◆ Work task: Reproduce the material below only from the line with "Pre Owned Dior" to the line with "Victorian Style Satin", both included, keeping each line exact and dropping the pictures.

◆ Information shown:
BEGIN

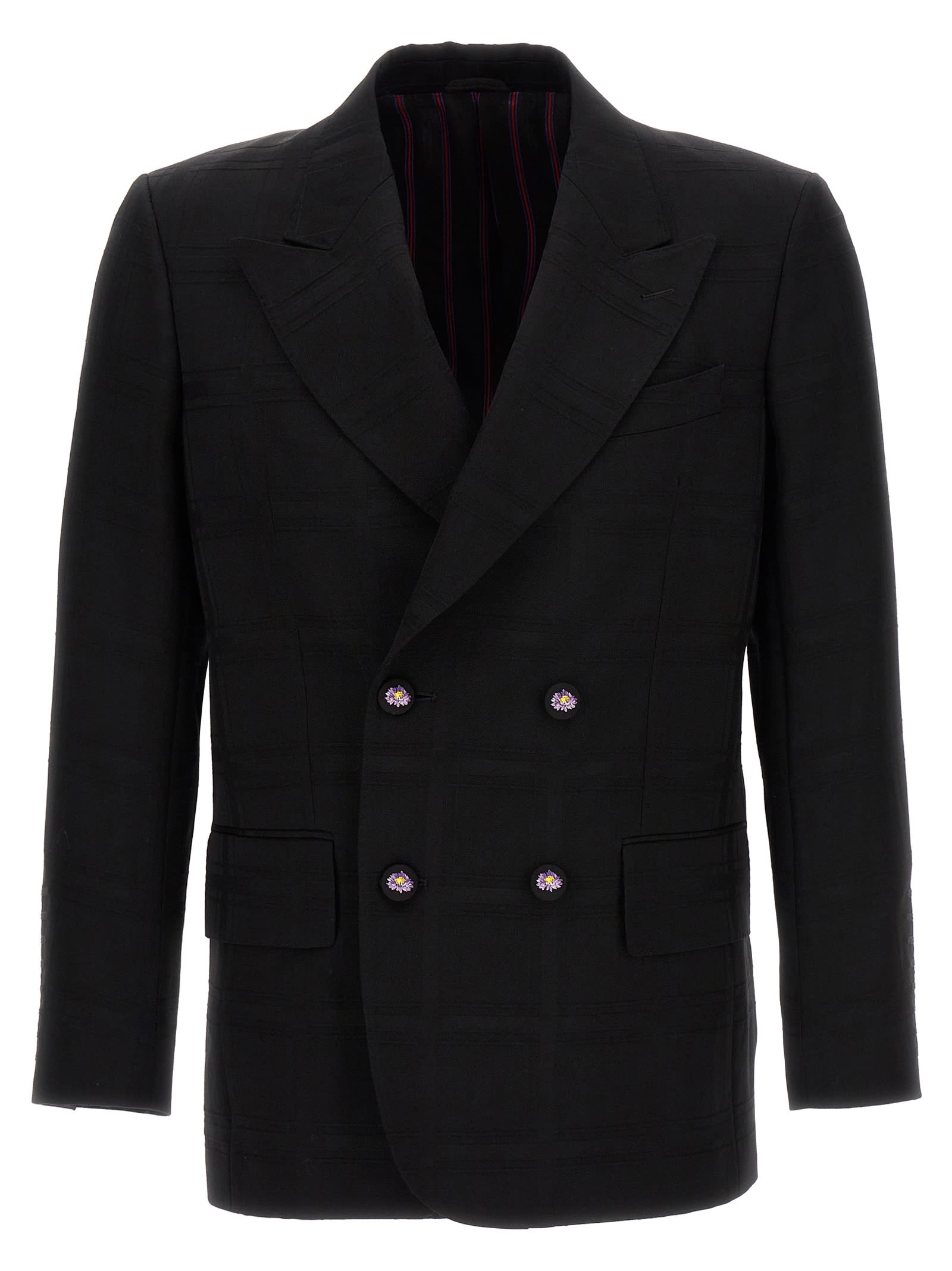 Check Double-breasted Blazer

END
BEGIN

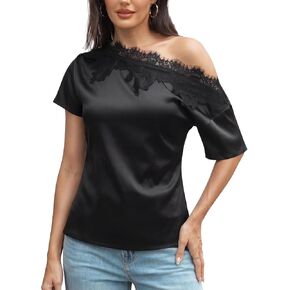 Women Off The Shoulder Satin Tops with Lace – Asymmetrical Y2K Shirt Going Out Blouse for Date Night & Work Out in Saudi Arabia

END
BEGIN

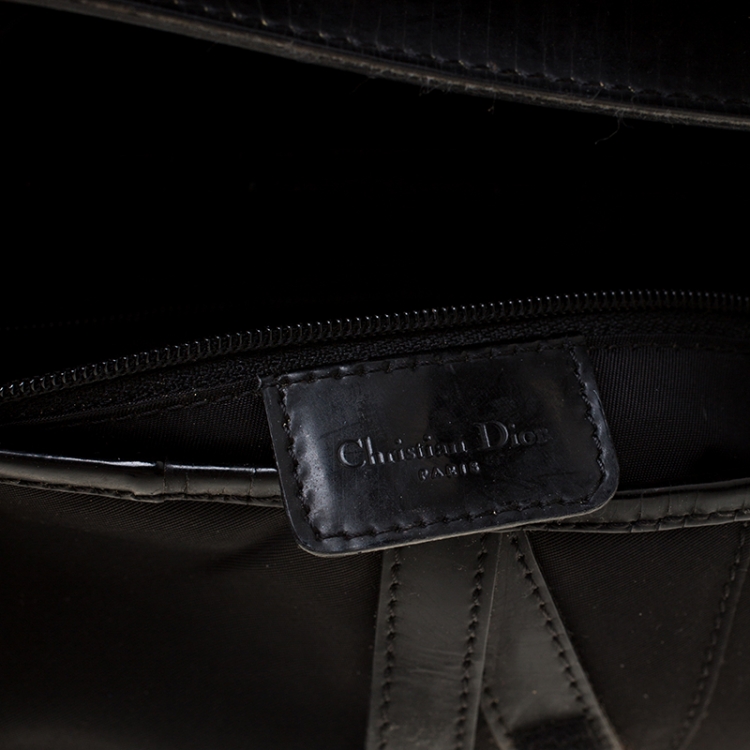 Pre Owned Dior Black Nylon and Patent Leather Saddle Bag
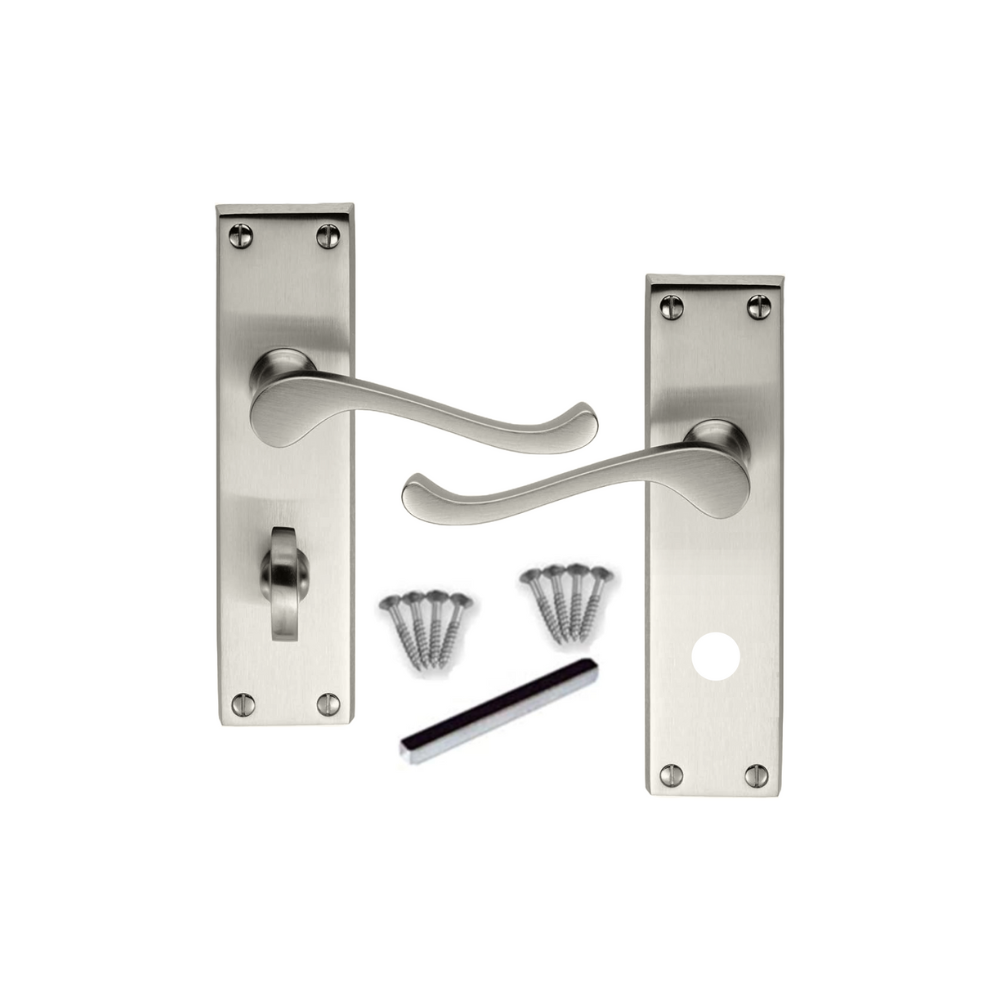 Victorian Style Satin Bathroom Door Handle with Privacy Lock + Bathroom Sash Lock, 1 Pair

END

◆ Response area:
 Pre Owned Dior Black Nylon and Patent Leather Saddle Bag
 Victorian Style Satin Bathroom Door Handle with Privacy Lock + Bathroom Sash Lock, 1 Pair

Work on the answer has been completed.